Cet article se veut une réponse non pas point par point, mais générale à ce discours. Il n’a pas pour but de tourner en dérision l’auteur, car les hommes défendant ainsi le libéralisme sont rarement de mauvaise foi. Mais lorsqu’il s’agit d’exposer ce qu’est le libéralisme, la tentation d’en appeler aux pères fondateurs est si grande qu’une cécité idéologique vient fausser la bonne foi de départ.
Pourquoi le libéralisme économique doit-il être combattu, comment est-ce que la gauche s’adapte aux défis comtemporains, je vais tenter de répondre brièvement aux critiques théoriques et pratiques de M. Jacques de Guénin. Histoire de « donner des armes », comme dirait celui-ci, pour combattre l’idéologie libérale.

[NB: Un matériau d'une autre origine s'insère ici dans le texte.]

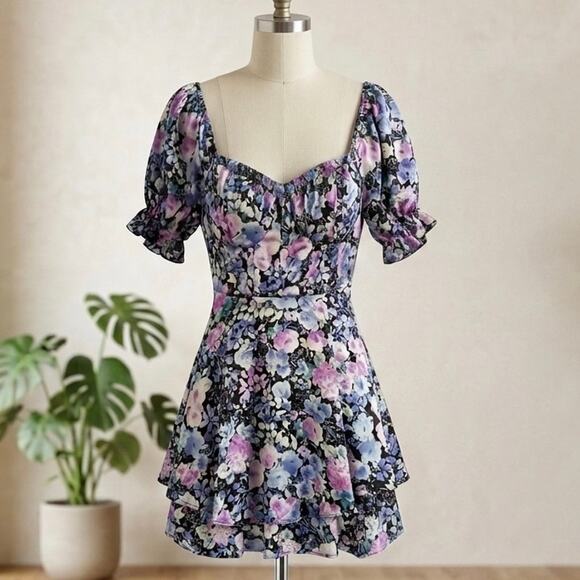 Allison & Kelly Dresses & Skirts - Coquette Corset Floral Puff Sleeve Tiered Mini Dress Sz S Romantic Cottagecore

En premier lieu, Jacques de Guénin refuse les étiquettes encombrantes d’anti-social, d’égoïste ou encore d’avide de profit, simplement parce qu’il se déclare libéral. Il souhaite recadrer les concepts utilisés, les buts poursuivis par les libéraux. Pour faire simple, il a pour objectif d’expliquer que « les anti-libéraux n’ont pas le monopole du coeur », pour reprendre la célèbre formule. Soit, mais on se doit de rétorquer immédiatement que les libéraux n’ont pas non plus le monopole de la liberté. Pour quelqu’un qui tourne en dérision – à juste titre, il faut le reconnaître – la méconnaissance des militants « anti-libéraux » des valeurs originelles du courant libéral, il semble oublier – à dessein – que la gauche n’est pas totalitaire, et que la pensée libérale structure grandement la réflexion socialiste. Pour l’anecdote, ne parle-t-on pas de « gauchistes irresponsables » pour qualifier les hommes à l’origine d’un certain libertarisme post soixante-huitard occidental ?

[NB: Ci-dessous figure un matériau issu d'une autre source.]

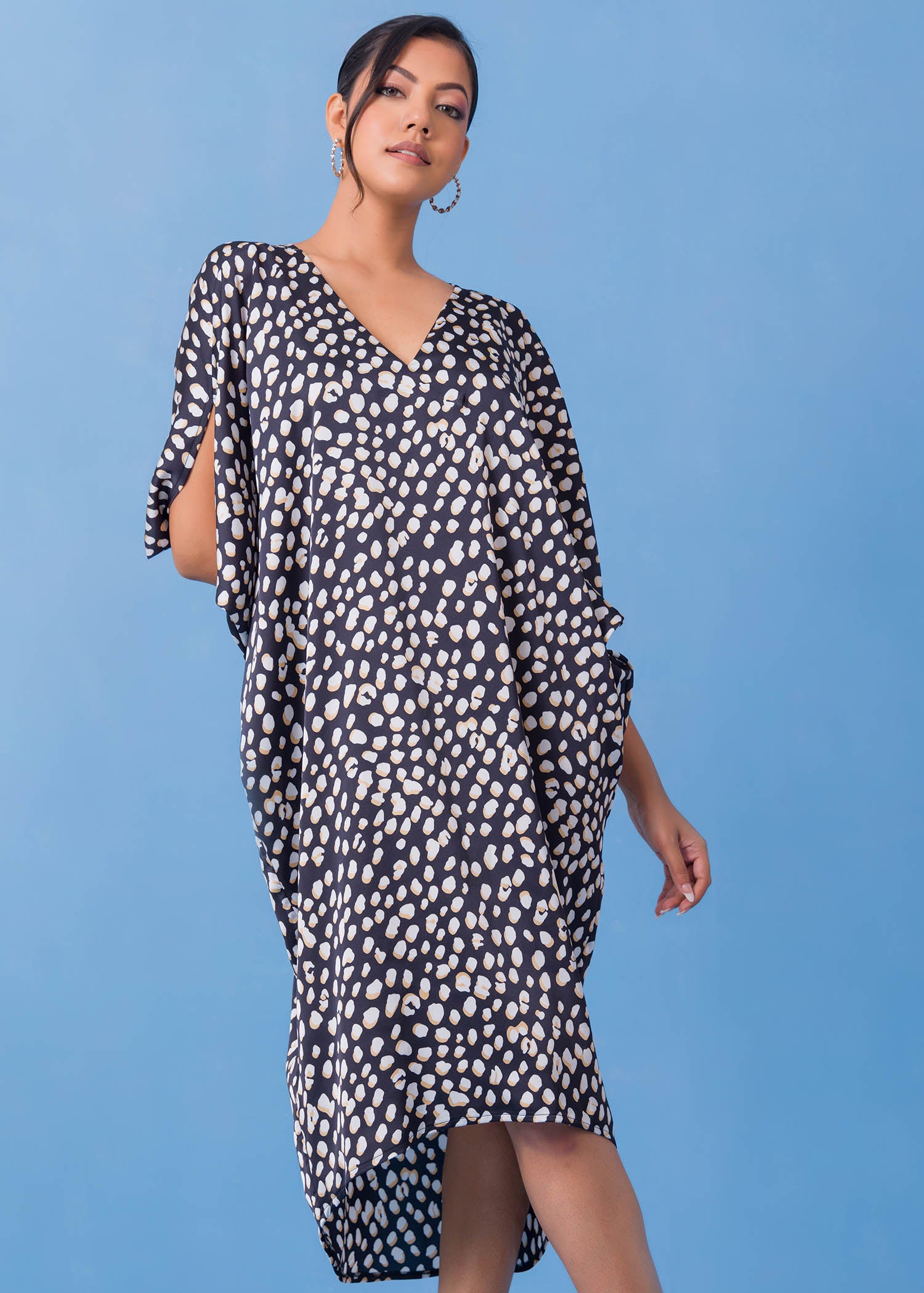 V Printed Neck Kaftan Dress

Avant d’aborder l’aspect théorique de la réponse à M. Guenin, on se doit de faire l’observation fondamentale suivante : les recettes néo-libérales économiques n’ont pas, loin s’en faut, été efficaces en Occident. Au sortir des 30 Glorieuses, l’apparition du chômage de masse a décrédibilisé les keynésianisme tant abhorré; mais n’oublions pas que le néo-libéralisme de Hayek et Friedman (des Chicago boys en général) a été la réponse apportée par les gouvernements anglo-saxons dans un premier temps, puis dans toute l’Europe dans un second.
L’Occident, avec une variation de degrés – parfois élevée – est dans un cadre d’échange mondial, avec des structures légales qui sont infiniment plus néo-libérales aujourd’hui qu’au début des années 70′. Et pour quel résultat ? Chômage structurel, inégalités salariales hors normes, entreprises aux ramifications financières et politiques si énormes qu’elles peuvent à elles seules faire plier un Etat. Sous un angle purement pragmatique et expérimental, personne ne peut oser prétendre que les inégalités ne se sont pas accrues durant ces 2 à 3 dernières décennies : les indicateurs de PIB ou de PIB/hab. étant biaisés, si l’on se réfère à la place au différentiel riche-pauvre (la courbe de Gini), on constate des écarts plus importants chaque année. Dès lors, toute cette théorie pour quoi ? Affirmer que c’est à la pratique de se plier à la théorie ? Sortons de ce dogmatisme dangereux. Pour n’en attaquer que mieux le cadre théorique libéral.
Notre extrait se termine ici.